The mechanism of the absorption of sound in solids which is responsible for the damping of elastic lattice waves was considered by Akheiser, who regarded the absorption as arising partly from heat flow and partly from viscous damping. Akheiser's calculation of the viscous damping contribution to sound absorption is based on the notion that the sound wave modulates the elastic properties and hence the thermal phonon frequencies of the medium through which it propagates. The modulated phonons relax towards local thermal equilibrium via phonon-phonon collisions caused by an anharmonic interaction. This relaxation is dissipative (or entropy producing) and thus attenuates the sound wave driving the process. [5]

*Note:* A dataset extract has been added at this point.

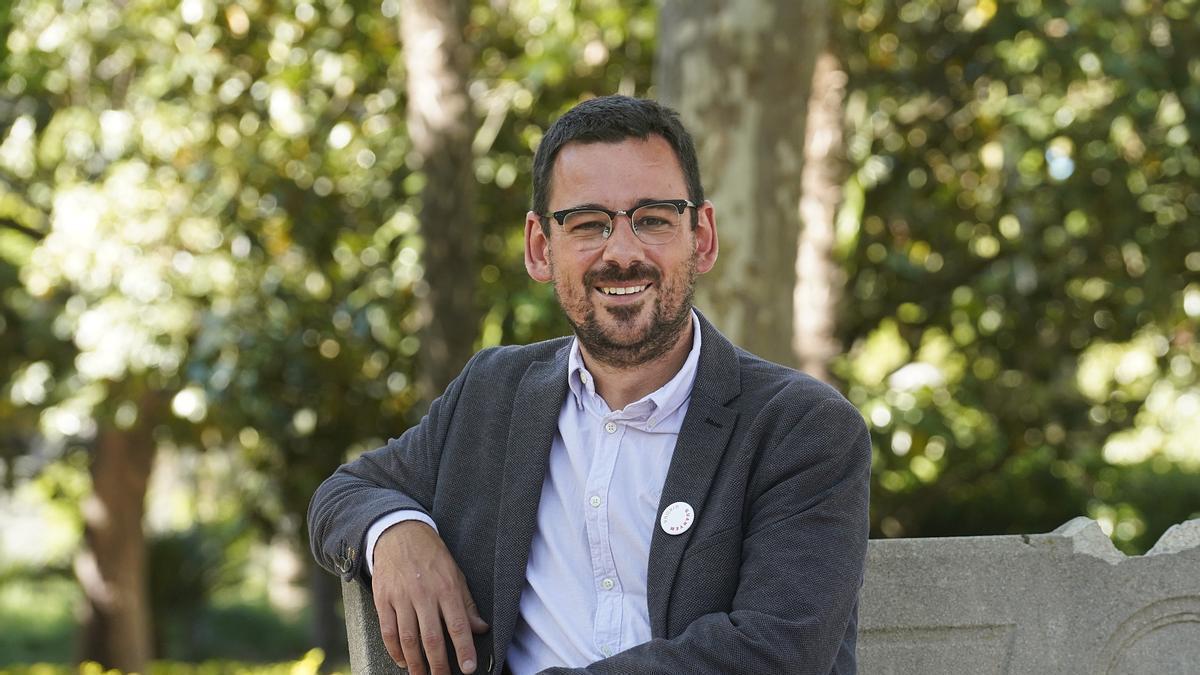 El candidat de Guanyem Girona, Lluc Salellas, assegut a un banc del parc de la Devesa.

It has since become possible to predict the acoustic loss of non-crystalline solids from the known thermal and elastic properties. Results indicate that infrared optical vibrational modes can contribute to such viscous phenomena, which is not surprising in light of the conclusions of Slack that optic phonons can transport heat in crystalline solids if the acoustic-optic energy gap is small enough, and if the optic phonon velocity Vg (Opt.) is large. [6] [7] [8] [9] In addition, mechanisms of attenuation of high-frequency shear and longitudinal waves have been considered in viscous liquids, polymers and glasses, with subsequent work leading to a fresh interpretation of the glass transition in viscous liquids in terms of a spectrum of relaxation phenomena occurring over a range of time and length scales. [10] [11]

[edit] Stress relaxation

The recognition of relaxation as a cooperative phenomenon resulting in structural rearrangement within glass-forming liquids resulted in the formulation of a molecular-kinetic theory to explain the temperature dependence of this process. Such network contributions to the anelasticity of glasses have been measured using internal friction techniques. [12] [13]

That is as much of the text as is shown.